*What you are asked to do*:
Output the data below in full, character for character.

Short text fragments from websites:
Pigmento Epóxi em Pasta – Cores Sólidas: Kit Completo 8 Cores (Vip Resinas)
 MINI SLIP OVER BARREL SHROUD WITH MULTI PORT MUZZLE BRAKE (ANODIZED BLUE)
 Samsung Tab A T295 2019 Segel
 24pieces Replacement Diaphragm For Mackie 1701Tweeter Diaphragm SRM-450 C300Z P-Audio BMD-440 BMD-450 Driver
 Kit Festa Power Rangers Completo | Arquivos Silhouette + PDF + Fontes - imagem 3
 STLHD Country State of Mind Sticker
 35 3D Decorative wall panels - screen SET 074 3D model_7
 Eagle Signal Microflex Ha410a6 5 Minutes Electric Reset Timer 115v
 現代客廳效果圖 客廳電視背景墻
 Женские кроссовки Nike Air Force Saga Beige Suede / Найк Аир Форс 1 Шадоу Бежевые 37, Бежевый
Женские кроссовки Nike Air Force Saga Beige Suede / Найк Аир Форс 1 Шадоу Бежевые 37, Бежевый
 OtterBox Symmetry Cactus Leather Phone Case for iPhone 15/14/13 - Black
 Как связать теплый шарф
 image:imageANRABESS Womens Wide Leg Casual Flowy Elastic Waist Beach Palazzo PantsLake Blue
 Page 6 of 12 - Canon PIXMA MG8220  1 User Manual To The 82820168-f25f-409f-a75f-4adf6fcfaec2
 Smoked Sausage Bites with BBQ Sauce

*Result below*:
Pigmento Epóxi em Pasta – Cores Sólidas: Kit Completo 8 Cores (Vip Resinas)
 MINI SLIP OVER BARREL SHROUD WITH MULTI PORT MUZZLE BRAKE (ANODIZED BLUE)
 Samsung Tab A T295 2019 Segel
 24pieces Replacement Diaphragm For Mackie 1701Tweeter Diaphragm SRM-450 C300Z P-Audio BMD-440 BMD-450 Driver
 Kit Festa Power Rangers Completo | Arquivos Silhouette + PDF + Fontes - imagem 3
 STLHD Country State of Mind Sticker
 35 3D Decorative wall panels - screen SET 074 3D model_7
 Eagle Signal Microflex Ha410a6 5 Minutes Electric Reset Timer 115v
 現代客廳效果圖 客廳電視背景墻
 Женские кроссовки Nike Air Force Saga Beige Suede / Найк Аир Форс 1 Шадоу Бежевые 37, Бежевый
Женские кроссовки Nike Air Force Saga Beige Suede / Найк Аир Форс 1 Шадоу Бежевые 37, Бежевый
 OtterBox Symmetry Cactus Leather Phone Case for iPhone 15/14/13 - Black
 Как связать теплый шарф
 image:imageANRABESS Womens Wide Leg Casual Flowy Elastic Waist Beach Palazzo PantsLake Blue
 Page 6 of 12 - Canon PIXMA MG8220  1 User Manual To The 82820168-f25f-409f-a75f-4adf6fcfaec2
 Smoked Sausage Bites with BBQ Sauce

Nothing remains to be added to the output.